Fabien Carrié, Antoine Doré, Jérôme Michalon. Éditions La Découverte. Collection « Repères », 2023, 128 pages (11 €)

Depuis quand existe le mouvement pour la protection des animaux ? Quelles formes prend-il ? Comment a-t-il évolué ? Qui sont les militants qui le composent ? Quelles actions utilisent-ils pour faire valoir leur cause ? Ce sont autant de questions auxquelles tentent de répondre les auteurs de cet ouvrage.

Fabien Carrié, maître de conférences spécialiste des relations entre idées et mobilisations, Antoine Doré, sociologue spécialiste des rapports aux vivants, et Jérôme Michalon, sociologue spécialiste des relations humains-animaux, dressent un portrait au poil de la cause animale.

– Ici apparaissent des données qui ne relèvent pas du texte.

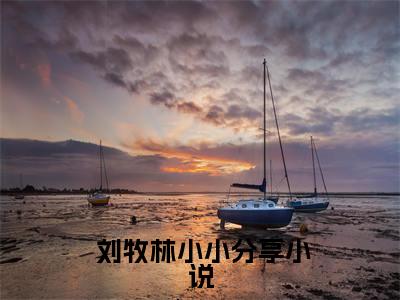  刘牧林小小全文免费阅读无弹窗-（ 刘牧林小小）神豪系统爆金币，我被女人抢疯了小说全文在线阅读笔趣阁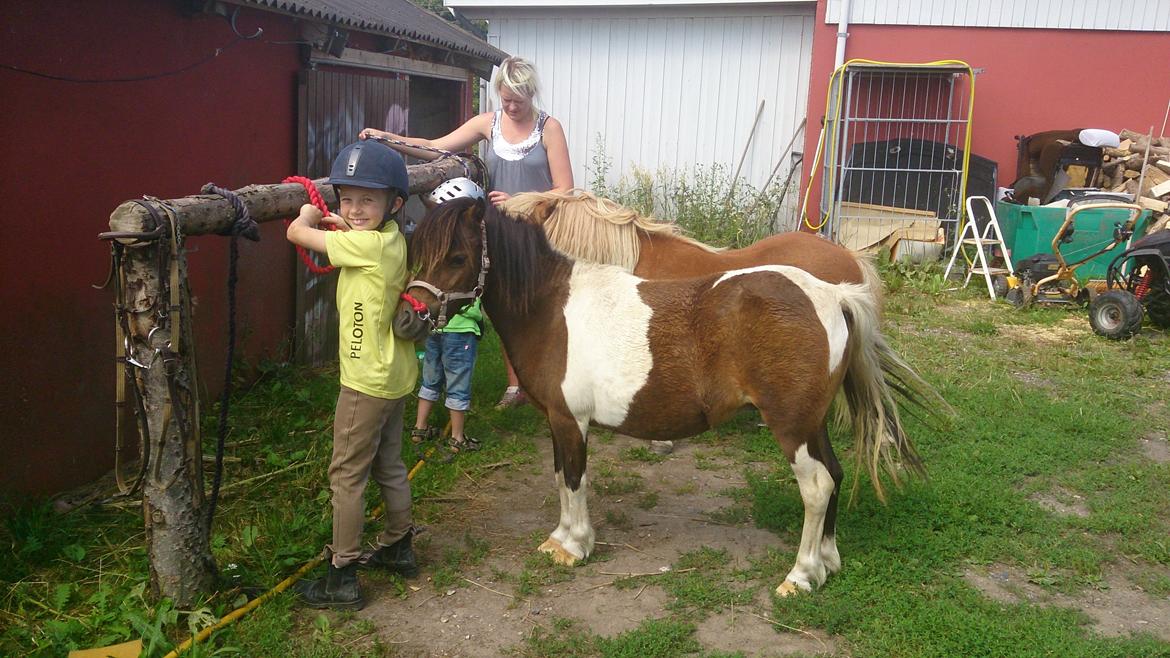 Shetlænder Plet billede 7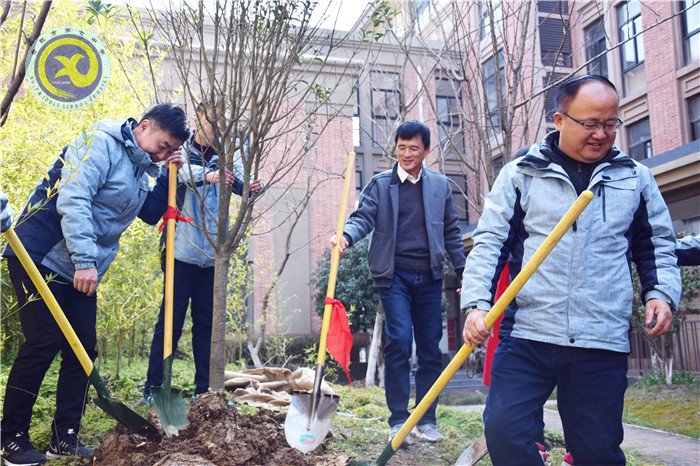 一棵兩棵三棵，棵棵皆成棟梁材(圖5)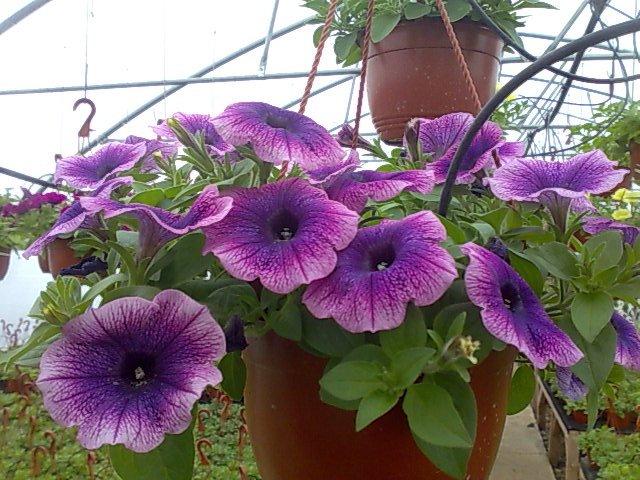 Petunii - Petuniile, flori ideale pentru ghivece suspendate in sezonul cald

L’émergence du mouvement au XIXe siècle

Le mouvement de la protection animale a vu le jour en Grande-Bretagne avec la naissance de la Royal Society for the Prevention of Cruelty to Animals (RSPCA – Société pour la prévention de la cruauté envers les animaux) en 1824. En France, la Société protectrice des animaux (SPA) est la première organisation de protection animale à voir le jour en 1845. Au début, il ne s’agit pas tant de protéger les animaux pour eux-mêmes que de réprimer les comportements violents exercés à leur encontre – particulièrement les animaux de trait, notamment les chevaux. Heurtées par la violence dont sont victimes ces animaux, les classes bourgeoises veulent éduquer les classes populaires à la bonté envers les animaux. En France, cela se traduit, en 1850, en l’adoption de la loi Grammont, qui réprimande les actes de cruauté envers les animaux exercés en public.

À la fin du XIXe siècle, avec le développement de la physiologie expérimentale impliquant la vivisection, des mouvements antivivisectionnistes voient le jour. La militante Marie Huot (1846-1930) mènera quelques actions violentes, comme l’agression avec une ombrelle d’un scientifique en train de pratiquer la vivisection sur un singe, en 1883. C’est aussi l’époque de l’apparition des refuges pour animaux afin de faire face aux populations de chiens errants.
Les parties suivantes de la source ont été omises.